- Avanak Location within Iran
- Coordinates: 36°10′56″N 50°48′47″E﻿ / ﻿36.18222°N 50.81306°E
- Country: Iran
- Province: Alborz
- County: Taleqan
- District: Bala Taleqan
- Rural District: Kenar Rud

Population (2016)
- • Total: 126
- Time zone: UTC+3:30 (IRST)

= Avanak, Alborz =

Village in Alborz province, Iran

Avanak (اوانك) (Note: Also romanized as Avānak; also known as Vānak) is a village in Kenar Rud Rural District of Bala Taleqan District in Taleqan County, Alborz province, Iran.

==Demographics==
===Population===
At the time of the 2006 National Census, the village's population was 113 in 30 households, when it was in Miyan Taleqan Rural District of the former Taleqan District in Savojbolagh County, Tehran province.
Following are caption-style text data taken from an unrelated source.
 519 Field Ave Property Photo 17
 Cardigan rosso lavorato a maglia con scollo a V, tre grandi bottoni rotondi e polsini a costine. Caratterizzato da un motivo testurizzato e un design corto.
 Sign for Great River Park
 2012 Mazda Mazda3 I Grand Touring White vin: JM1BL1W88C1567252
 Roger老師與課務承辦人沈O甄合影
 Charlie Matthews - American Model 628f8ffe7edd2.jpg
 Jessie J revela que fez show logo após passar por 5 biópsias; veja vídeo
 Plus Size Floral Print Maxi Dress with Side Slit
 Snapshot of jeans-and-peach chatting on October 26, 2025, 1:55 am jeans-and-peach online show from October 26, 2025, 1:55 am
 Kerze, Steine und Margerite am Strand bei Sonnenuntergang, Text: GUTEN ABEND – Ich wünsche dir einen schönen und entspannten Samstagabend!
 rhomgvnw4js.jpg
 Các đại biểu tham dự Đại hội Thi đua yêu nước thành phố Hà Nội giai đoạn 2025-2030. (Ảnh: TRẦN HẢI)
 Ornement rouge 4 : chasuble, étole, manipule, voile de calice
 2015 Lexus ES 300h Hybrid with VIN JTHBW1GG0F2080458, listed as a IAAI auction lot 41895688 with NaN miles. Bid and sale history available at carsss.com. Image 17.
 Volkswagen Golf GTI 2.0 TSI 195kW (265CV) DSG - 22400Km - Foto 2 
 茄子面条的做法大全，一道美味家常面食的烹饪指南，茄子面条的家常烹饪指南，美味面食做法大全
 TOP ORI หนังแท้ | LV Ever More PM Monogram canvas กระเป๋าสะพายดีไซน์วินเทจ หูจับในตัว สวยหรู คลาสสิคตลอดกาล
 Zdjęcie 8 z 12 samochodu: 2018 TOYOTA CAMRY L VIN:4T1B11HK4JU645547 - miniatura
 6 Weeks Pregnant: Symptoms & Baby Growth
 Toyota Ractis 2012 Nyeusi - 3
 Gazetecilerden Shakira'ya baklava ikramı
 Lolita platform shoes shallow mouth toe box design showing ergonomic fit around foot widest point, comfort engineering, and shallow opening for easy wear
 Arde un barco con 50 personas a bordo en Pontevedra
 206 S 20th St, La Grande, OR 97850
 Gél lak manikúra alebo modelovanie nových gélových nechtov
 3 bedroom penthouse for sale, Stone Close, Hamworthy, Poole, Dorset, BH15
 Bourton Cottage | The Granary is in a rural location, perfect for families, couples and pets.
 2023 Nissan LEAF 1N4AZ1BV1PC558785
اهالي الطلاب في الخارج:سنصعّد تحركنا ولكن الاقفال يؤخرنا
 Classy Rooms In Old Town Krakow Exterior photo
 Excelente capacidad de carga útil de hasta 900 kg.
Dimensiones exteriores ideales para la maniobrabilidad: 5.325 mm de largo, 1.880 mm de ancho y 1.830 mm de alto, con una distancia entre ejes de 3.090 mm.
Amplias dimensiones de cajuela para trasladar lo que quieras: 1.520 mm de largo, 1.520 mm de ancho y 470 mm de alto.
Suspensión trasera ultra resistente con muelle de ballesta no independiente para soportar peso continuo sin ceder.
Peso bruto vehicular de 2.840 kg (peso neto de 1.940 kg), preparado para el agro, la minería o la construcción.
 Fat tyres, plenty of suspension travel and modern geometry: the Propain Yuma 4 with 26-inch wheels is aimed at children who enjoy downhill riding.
In 2008, the district was separated from the county in establishing Taleqan County, and the rural district was transferred to the new Central District. Avanak was transferred to Kenar Rud Rural District created in the new Bala Taleqan District. In 2010, the county was separated from the province in the establishment of Alborz province. The 2016 census measured the population of the village as 126 people in 53 households.